Por lo tanto, no alimento la menor duda acerca del valor de Centauro como una obra que al mismo tiempo que ejemplifica con fidelidad las maneras narrativas de John Updike -las virtudes y las servidumbres del Updike de la primera etapa-, se aparta un buen trecho del camino real que a lo largo de una cuarentena de títulos le llevarían a erigirse en el novelista por excelencia de la domesticidad norteamericana, el que con mayor profundidad ha analizado los conflictos y evolución de la pareja liberal, esto es, de la familia, y la transformación de sus esquemas sociales y morales al ritmo de los acontecimientos históricos que a su vez han modificado la sociedad desde el ya lejano mandato de Kennedy al de Bush.

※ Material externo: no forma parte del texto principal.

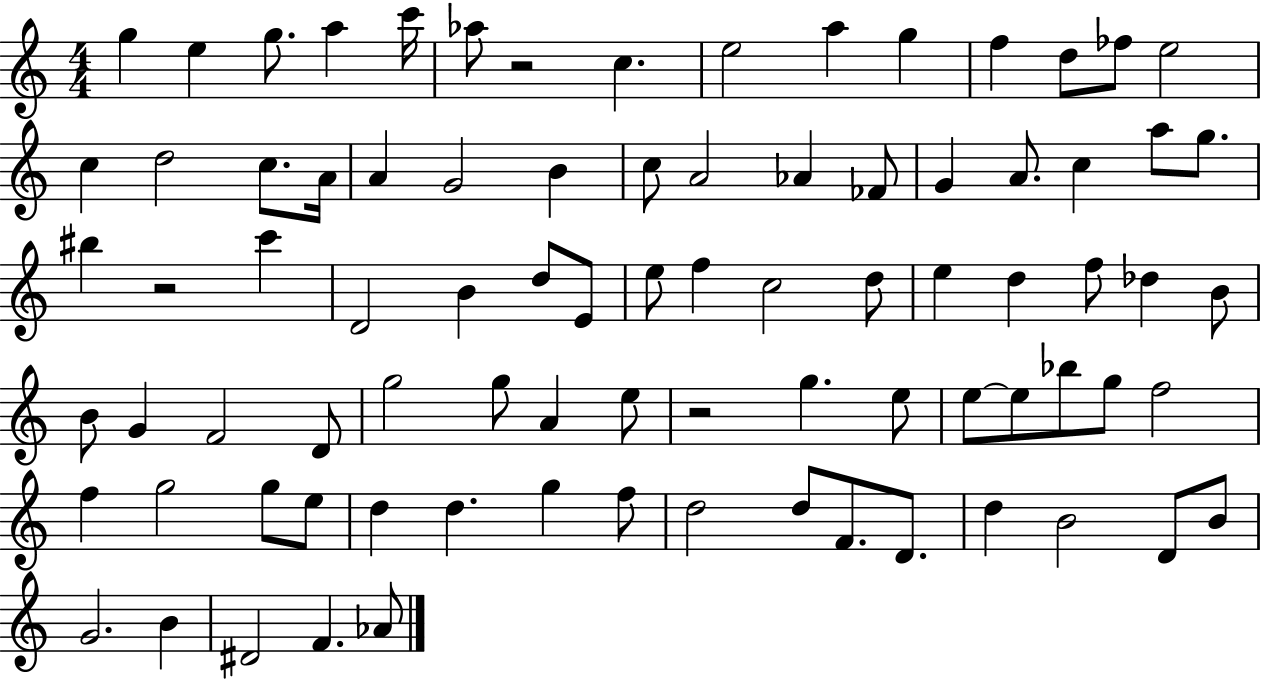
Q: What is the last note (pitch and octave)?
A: Ab4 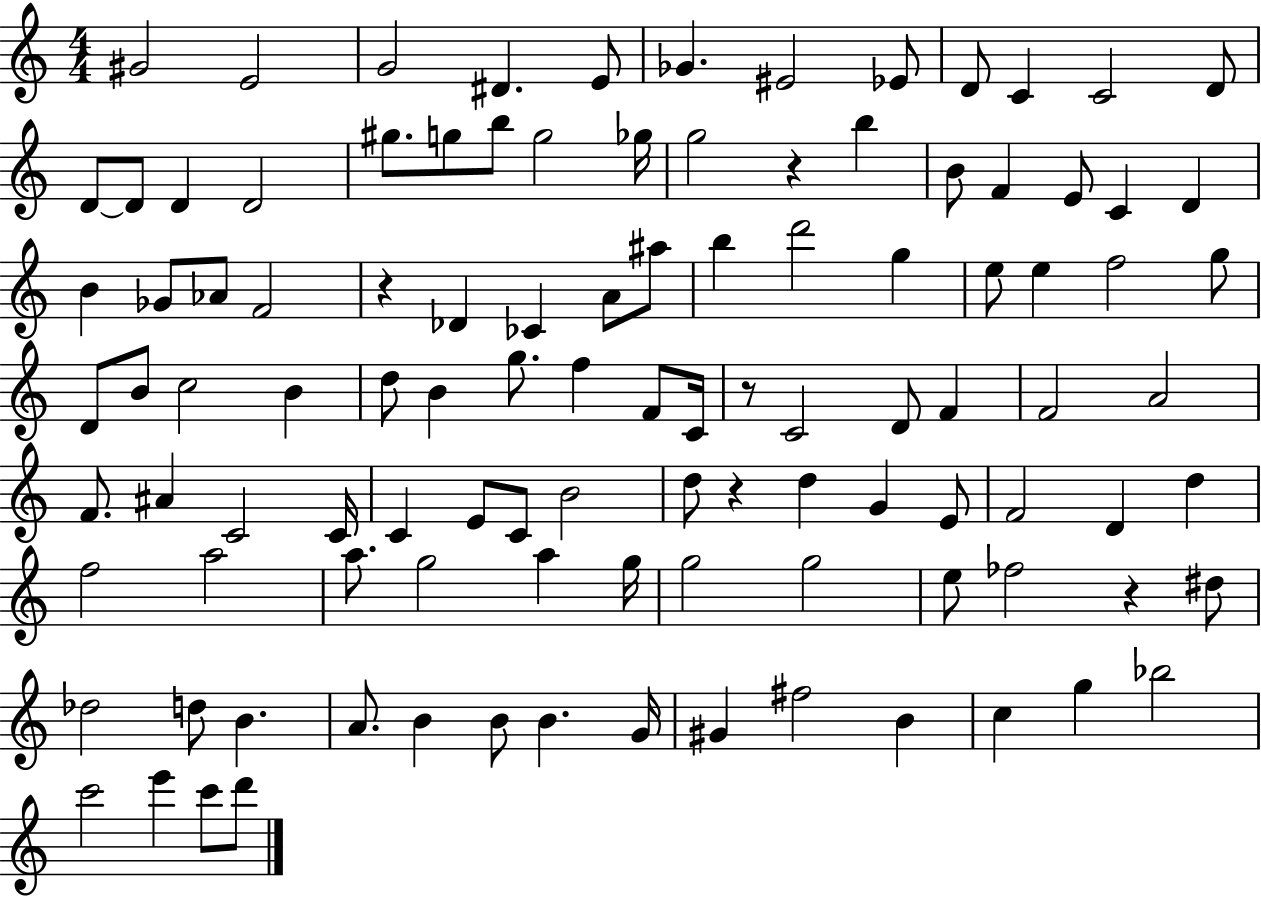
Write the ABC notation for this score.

X:1
T:Untitled
M:4/4
L:1/4
K:C
^G2 E2 G2 ^D E/2 _G ^E2 _E/2 D/2 C C2 D/2 D/2 D/2 D D2 ^g/2 g/2 b/2 g2 _g/4 g2 z b B/2 F E/2 C D B _G/2 _A/2 F2 z _D _C A/2 ^a/2 b d'2 g e/2 e f2 g/2 D/2 B/2 c2 B d/2 B g/2 f F/2 C/4 z/2 C2 D/2 F F2 A2 F/2 ^A C2 C/4 C E/2 C/2 B2 d/2 z d G E/2 F2 D d f2 a2 a/2 g2 a g/4 g2 g2 e/2 _f2 z ^d/2 _d2 d/2 B A/2 B B/2 B G/4 ^G ^f2 B c g _b2 c'2 e' c'/2 d'/2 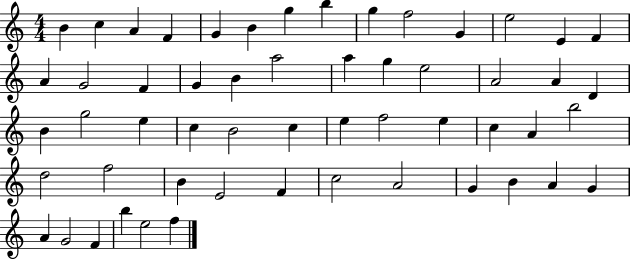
{
  \clef treble
  \numericTimeSignature
  \time 4/4
  \key c \major
  b'4 c''4 a'4 f'4 | g'4 b'4 g''4 b''4 | g''4 f''2 g'4 | e''2 e'4 f'4 | \break a'4 g'2 f'4 | g'4 b'4 a''2 | a''4 g''4 e''2 | a'2 a'4 d'4 | \break b'4 g''2 e''4 | c''4 b'2 c''4 | e''4 f''2 e''4 | c''4 a'4 b''2 | \break d''2 f''2 | b'4 e'2 f'4 | c''2 a'2 | g'4 b'4 a'4 g'4 | \break a'4 g'2 f'4 | b''4 e''2 f''4 | \bar "|."
} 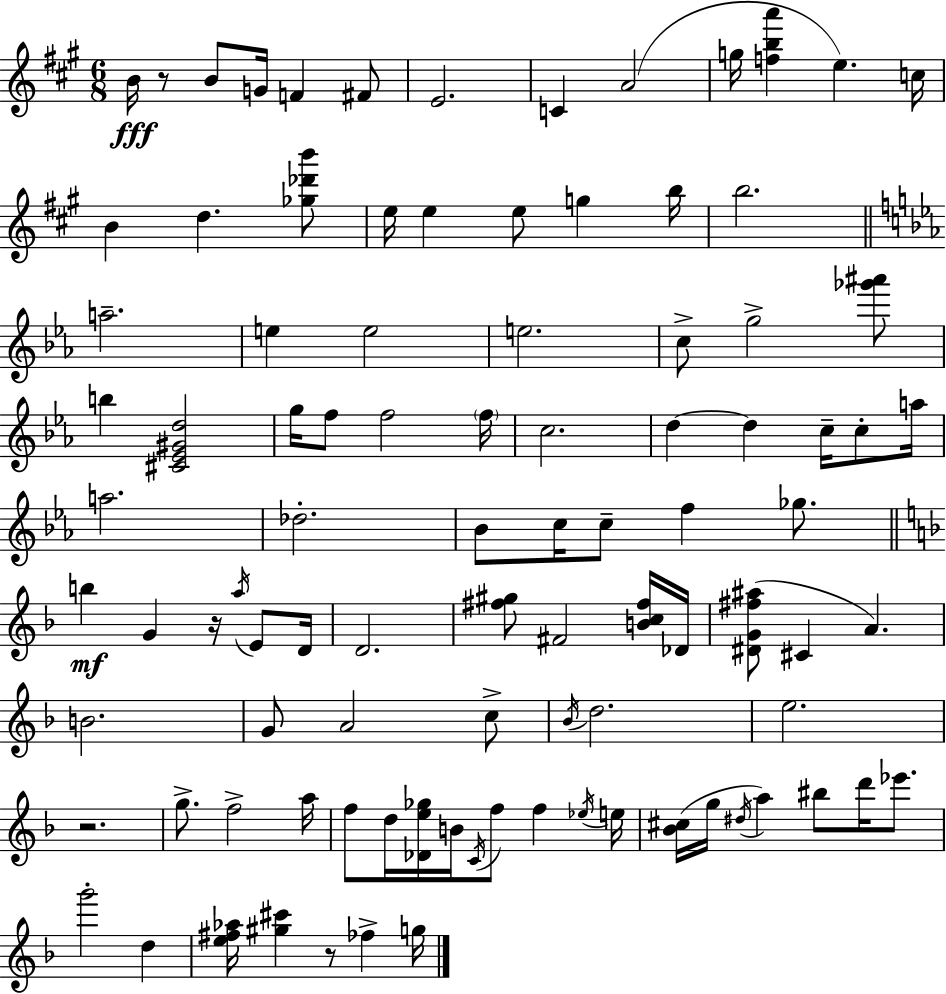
{
  \clef treble
  \numericTimeSignature
  \time 6/8
  \key a \major
  b'16\fff r8 b'8 g'16 f'4 fis'8 | e'2. | c'4 a'2( | g''16 <f'' b'' a'''>4 e''4.) c''16 | \break b'4 d''4. <ges'' des''' b'''>8 | e''16 e''4 e''8 g''4 b''16 | b''2. | \bar "||" \break \key c \minor a''2.-- | e''4 e''2 | e''2. | c''8-> g''2-> <ges''' ais'''>8 | \break b''4 <cis' ees' gis' d''>2 | g''16 f''8 f''2 \parenthesize f''16 | c''2. | d''4~~ d''4 c''16-- c''8-. a''16 | \break a''2. | des''2.-. | bes'8 c''16 c''8-- f''4 ges''8. | \bar "||" \break \key f \major b''4\mf g'4 r16 \acciaccatura { a''16 } e'8 | d'16 d'2. | <fis'' gis''>8 fis'2 <b' c'' fis''>16 | des'16 <dis' g' fis'' ais''>8( cis'4 a'4.) | \break b'2. | g'8 a'2 c''8-> | \acciaccatura { bes'16 } d''2. | e''2. | \break r2. | g''8.-> f''2-> | a''16 f''8 d''16 <des' e'' ges''>16 b'16 \acciaccatura { c'16 } f''8 f''4 | \acciaccatura { ees''16 } e''16 <bes' cis''>16( g''16 \acciaccatura { dis''16 }) a''4 bis''8 | \break d'''16 ees'''8. g'''2-. | d''4 <e'' fis'' aes''>16 <gis'' cis'''>4 r8 | fes''4-> g''16 \bar "|."
} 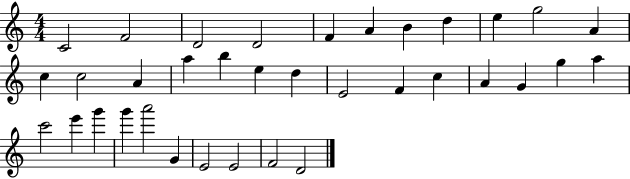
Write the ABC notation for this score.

X:1
T:Untitled
M:4/4
L:1/4
K:C
C2 F2 D2 D2 F A B d e g2 A c c2 A a b e d E2 F c A G g a c'2 e' g' g' a'2 G E2 E2 F2 D2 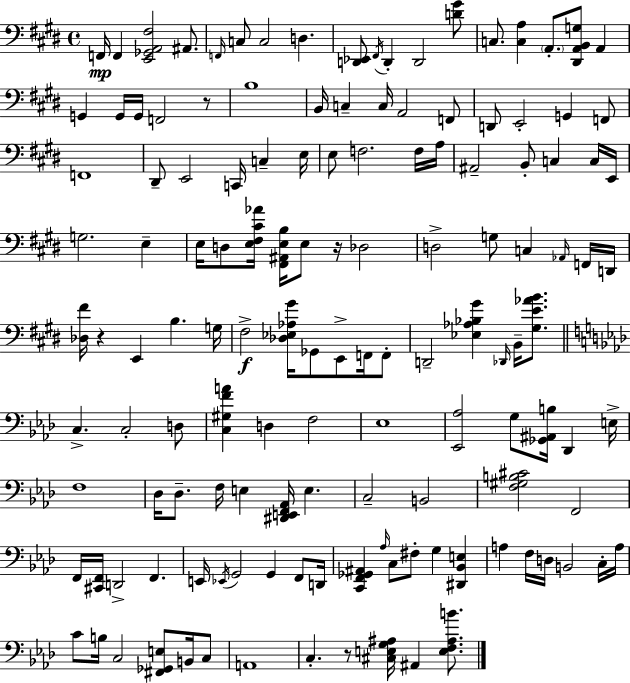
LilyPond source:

{
  \clef bass
  \time 4/4
  \defaultTimeSignature
  \key e \major
  f,16\mp f,4 <e, ges, a, fis>2 ais,8. | \grace { f,16 } c8 c2 d4. | <d, ees,>8 \acciaccatura { fis,16 } d,4-. d,2 | <d' gis'>8 c8. <c a>4 \parenthesize a,8.-. <dis, a, b, g>8 a,4 | \break g,4 g,16 g,16 f,2 | r8 b1 | b,16 c4-- c16 a,2 | f,8 d,8 e,2-. g,4 | \break f,8 f,1 | dis,8-- e,2 c,16 c4-- | e16 e8 f2. | f16 a16 ais,2-- b,8-. c4 | \break c16 e,16 g2. e4-- | e16 d8 <e fis cis' aes'>16 <fis, ais, e b>16 e8 r16 des2 | d2-> g8 c4 | \grace { aes,16 } f,16 d,16 <des fis'>16 r4 e,4 b4. | \break g16 fis2->\f <des ees aes gis'>16 ges,8 e,8-> | f,16 f,8-. d,2-- <ees aes bes gis'>4 \grace { des,16 } | b,16-- <gis e' aes' b'>8. \bar "||" \break \key f \minor c4.-> c2-. d8 | <c gis f' a'>4 d4 f2 | ees1 | <ees, aes>2 g8 <ges, ais, b>16 des,4 e16-> | \break f1 | des16 des8.-- f16 e4 <dis, e, f, aes,>16 e4. | c2-- b,2 | <f gis b cis'>2 f,2 | \break f,16 <cis, f,>16 d,2-> f,4. | e,16 \acciaccatura { ees,16 } g,2 g,4 f,8 | d,16 <c, f, ges, ais,>4 \grace { aes16 } c8 fis8-. g4 <dis, bes, e>4 | a4 f16 d16 b,2 | \break c16-. a16 c'8 b16 c2 <fis, ges, e>8 b,16 | c8 a,1 | c4.-. r8 <cis e g ais>16 ais,4 <e f ais b'>8. | \bar "|."
} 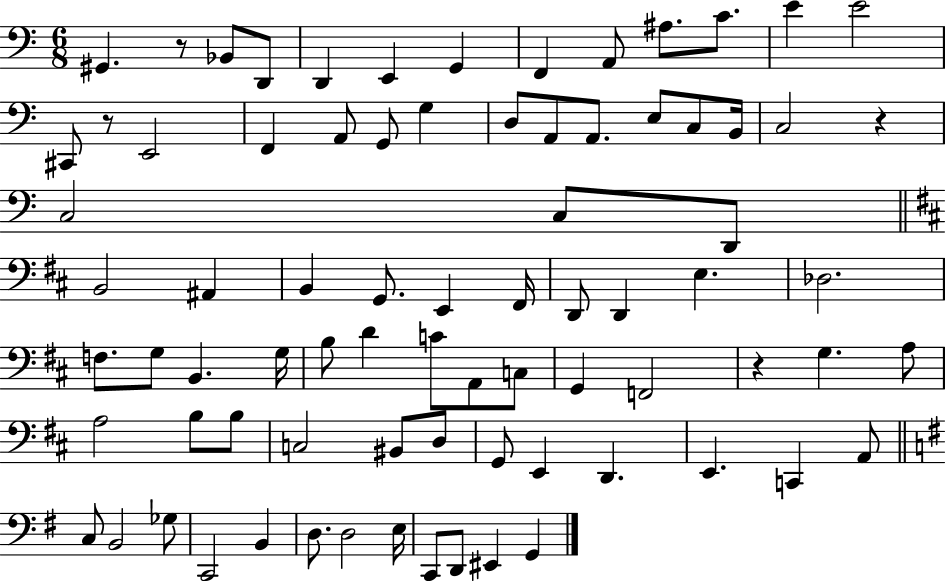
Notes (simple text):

G#2/q. R/e Bb2/e D2/e D2/q E2/q G2/q F2/q A2/e A#3/e. C4/e. E4/q E4/h C#2/e R/e E2/h F2/q A2/e G2/e G3/q D3/e A2/e A2/e. E3/e C3/e B2/s C3/h R/q C3/h C3/e D2/e B2/h A#2/q B2/q G2/e. E2/q F#2/s D2/e D2/q E3/q. Db3/h. F3/e. G3/e B2/q. G3/s B3/e D4/q C4/e A2/e C3/e G2/q F2/h R/q G3/q. A3/e A3/h B3/e B3/e C3/h BIS2/e D3/e G2/e E2/q D2/q. E2/q. C2/q A2/e C3/e B2/h Gb3/e C2/h B2/q D3/e. D3/h E3/s C2/e D2/e EIS2/q G2/q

Updike no ha vuelto a servirse de la mitología griega como soporte, quizá porque ha sido precisamente él, junto con Saul Bellow, quien de manera convincente ha creado una simbología no codificada del individuo moderno en una sociedad lastrada por la violencia, la dureza y el vacío espiritual, que lo perturba. En tanto que cronista veraz de esa confrontación trascendental, molesta e inquietante, John Updike es soberbio y, aunque sólo fuera por eso, habría que leer sus obras de ficción con interés y respeto.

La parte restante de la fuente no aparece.